### Available records
-- Opening Marker --
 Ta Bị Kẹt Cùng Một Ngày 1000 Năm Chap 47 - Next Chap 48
-- Closing Marker --
-- Opening Marker --
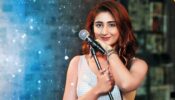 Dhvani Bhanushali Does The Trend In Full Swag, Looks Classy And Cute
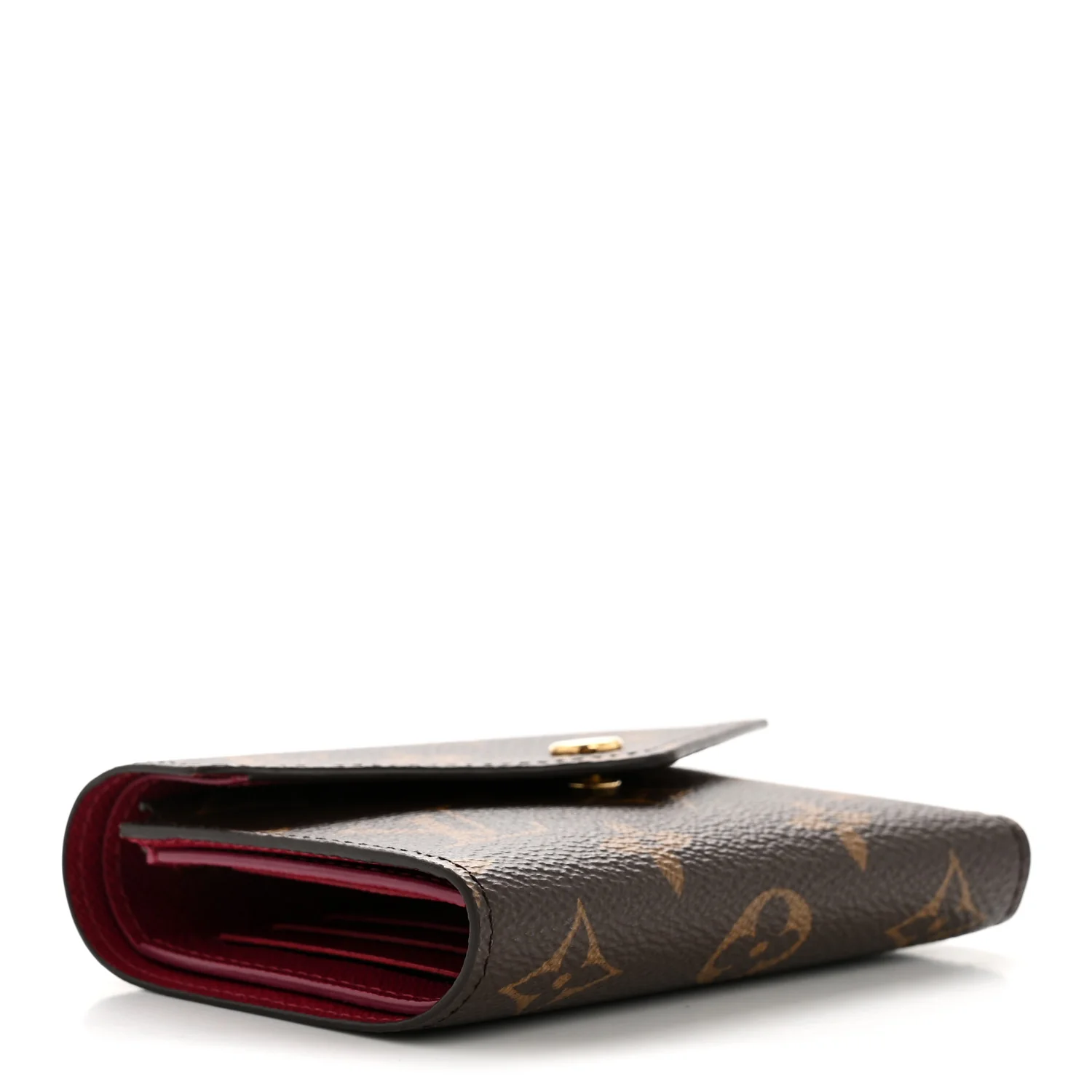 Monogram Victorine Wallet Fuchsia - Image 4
-- Closing Marker --
-- Opening Marker --
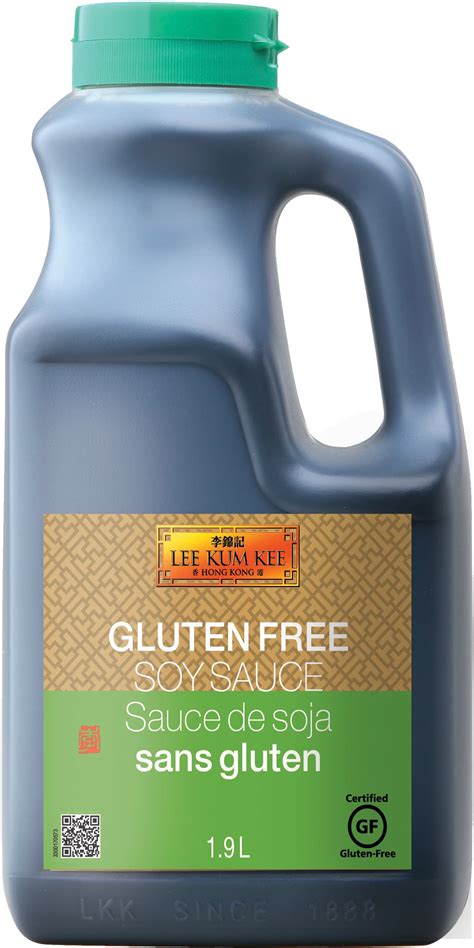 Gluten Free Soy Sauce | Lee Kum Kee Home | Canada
-- Closing Marker --
Take the material above from the line bearing "Dhvani Bhanushali Does" through the line bearing "Monogram Victorine Wallet Fuchsia - Image 4" and write it out exactly, both end lines included. Pictures stay out.

### Written solution
 Dhvani Bhanushali Does The Trend In Full Swag, Looks Classy And Cute
 Monogram Victorine Wallet Fuchsia - Image 4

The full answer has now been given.